WHAT THIS TASK INVOLVES: Drop all pictures and repeat exactly the lines from the line holding "Lobby or reception" through the end of the records.

SOURCE INFORMATION:
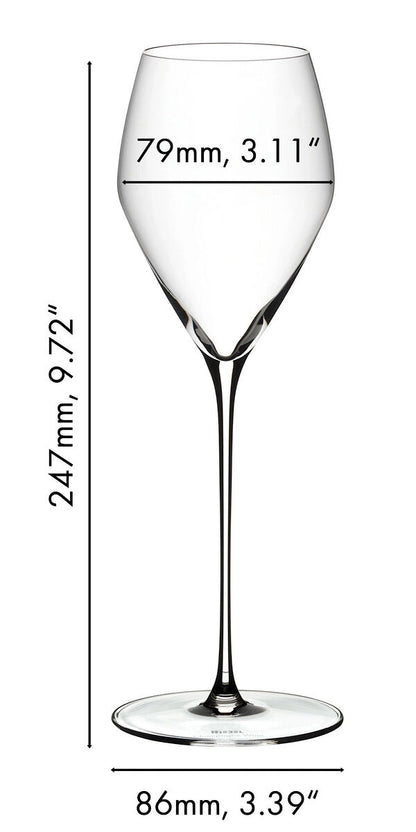 RIEDEL 5330/28 VELOCE Champagner Weinglas VORTEILSSET - KAUF 4 ZAHL 3 – Bild 2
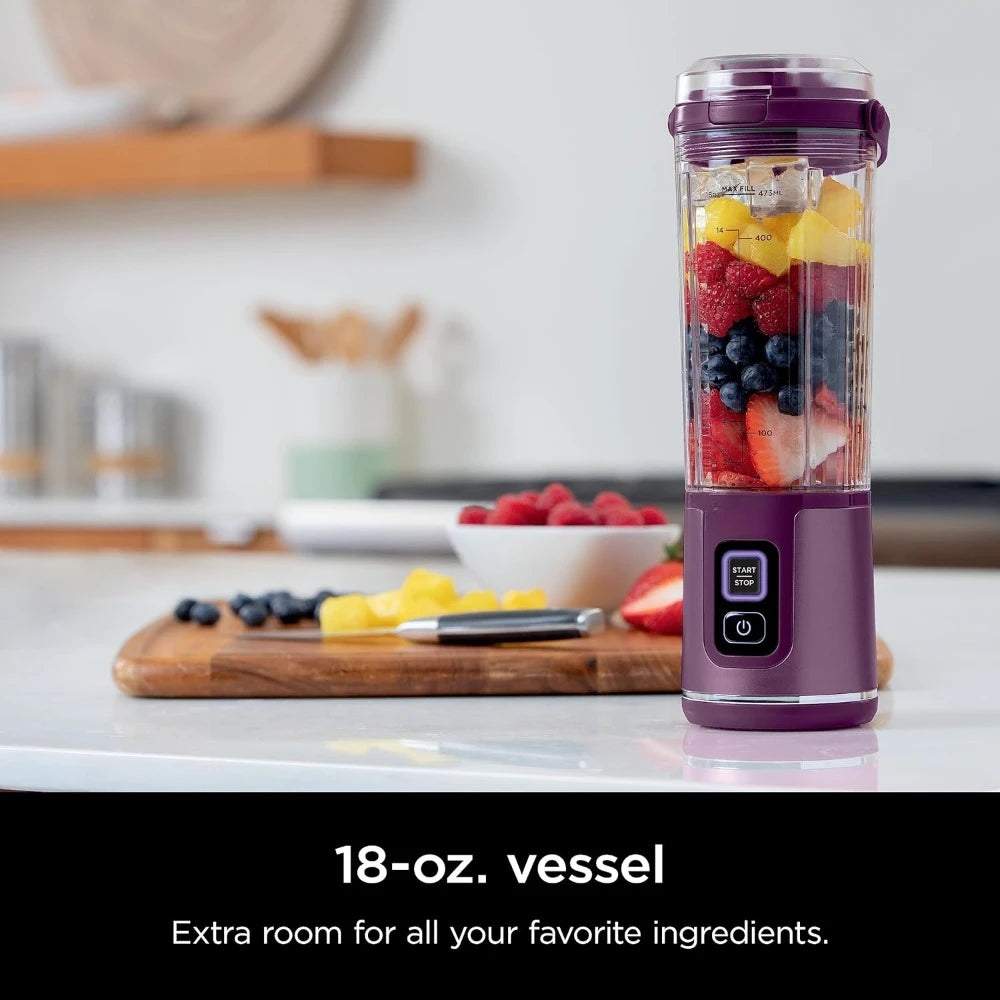 Portable Blender USB-C Rechargeable, Dishwasher Safe Parts, Kitchen Appliances, Juicers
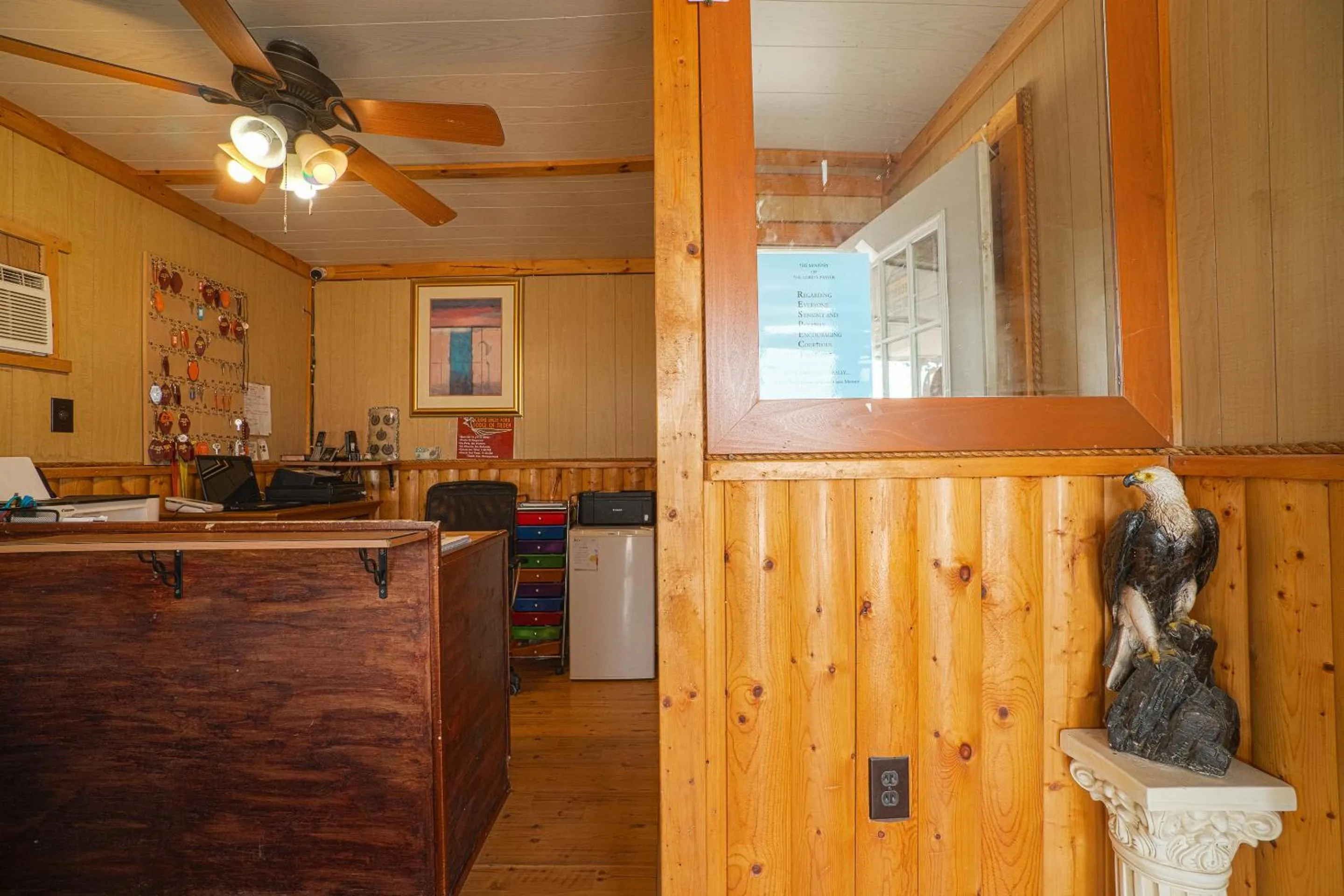 Lobby or reception in Grand Eagle Ford Lodge & RV Park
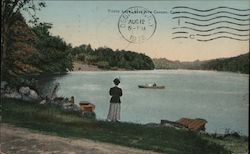 Trinity Lake New Canaan, CT Postcard Postcard Postcard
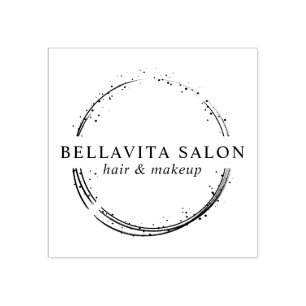 Carimbo De Borracha Logotipo do Salão em Círculo abstrato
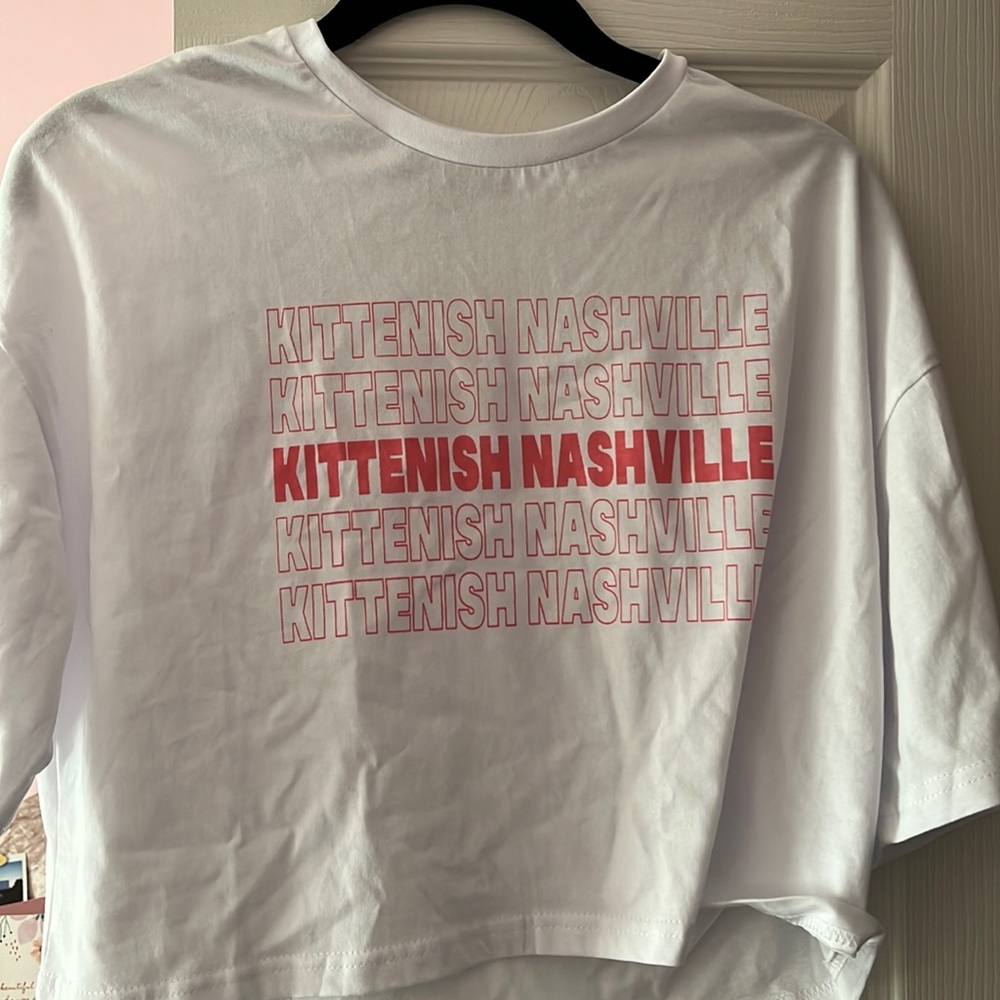 Kittenish tee shirt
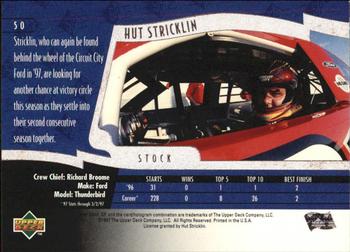 1997 SP #50 Hut Stricklin's Car Back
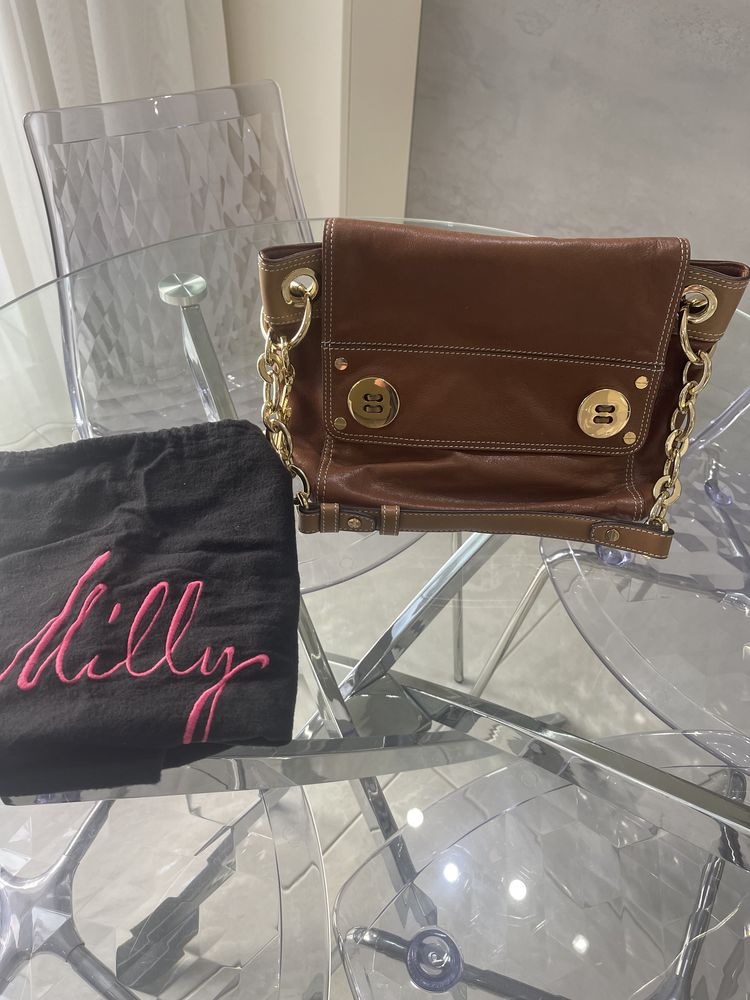 Кожанная новая сумка американского бренда Milly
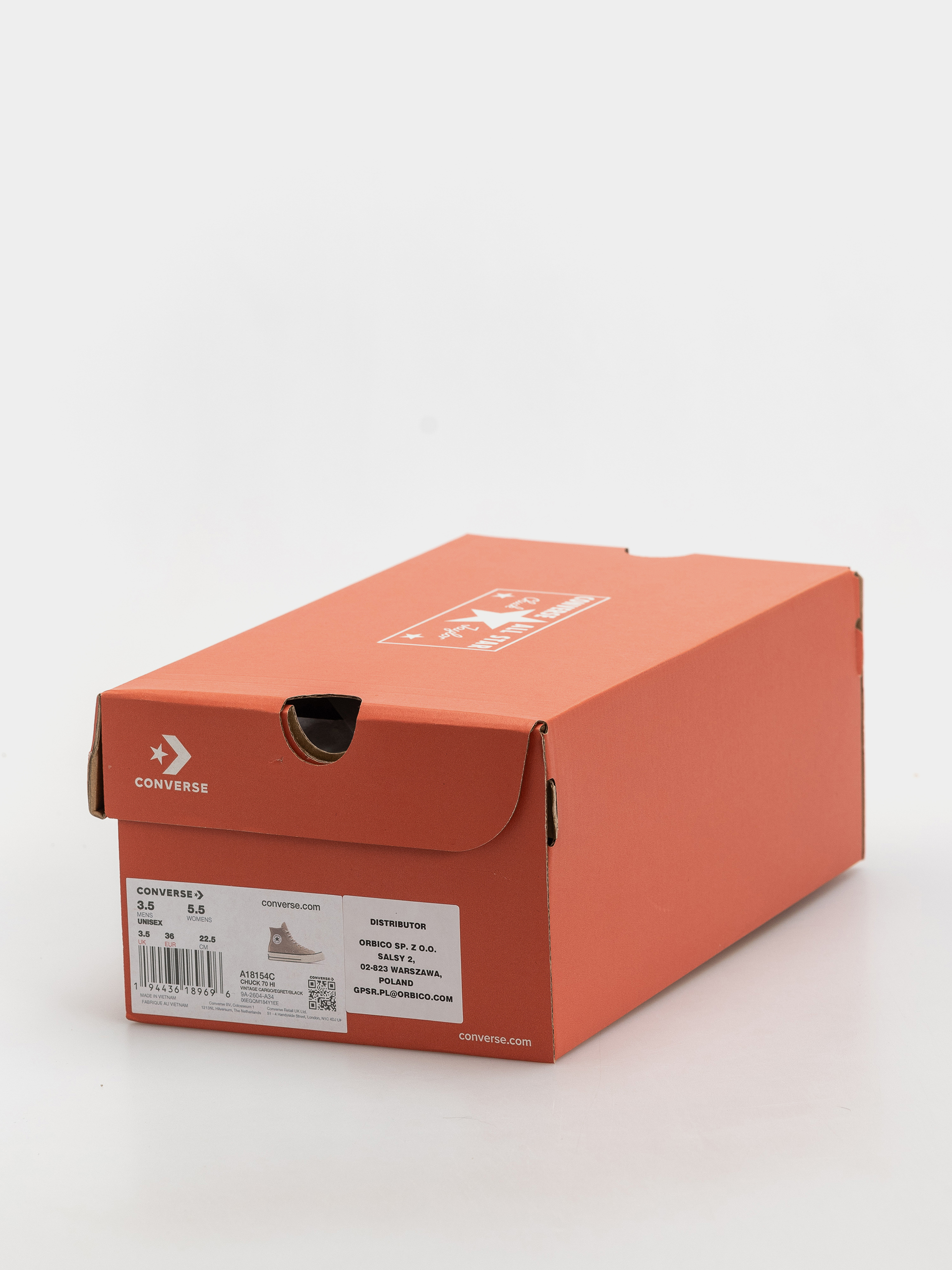 Teniși Converse Chuck 70 Hi (vintage cargo/egret/black)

TASK RESPONSE:
 Lobby or reception in Grand Eagle Ford Lodge & RV Park
 Trinity Lake New Canaan, CT Postcard Postcard Postcard
 Carimbo De Borracha Logotipo do Salão em Círculo abstrato
 Kittenish tee shirt
 1997 SP #50 Hut Stricklin's Car Back
 Кожанная новая сумка американского бренда Milly
 Teniși Converse Chuck 70 Hi (vintage cargo/egret/black)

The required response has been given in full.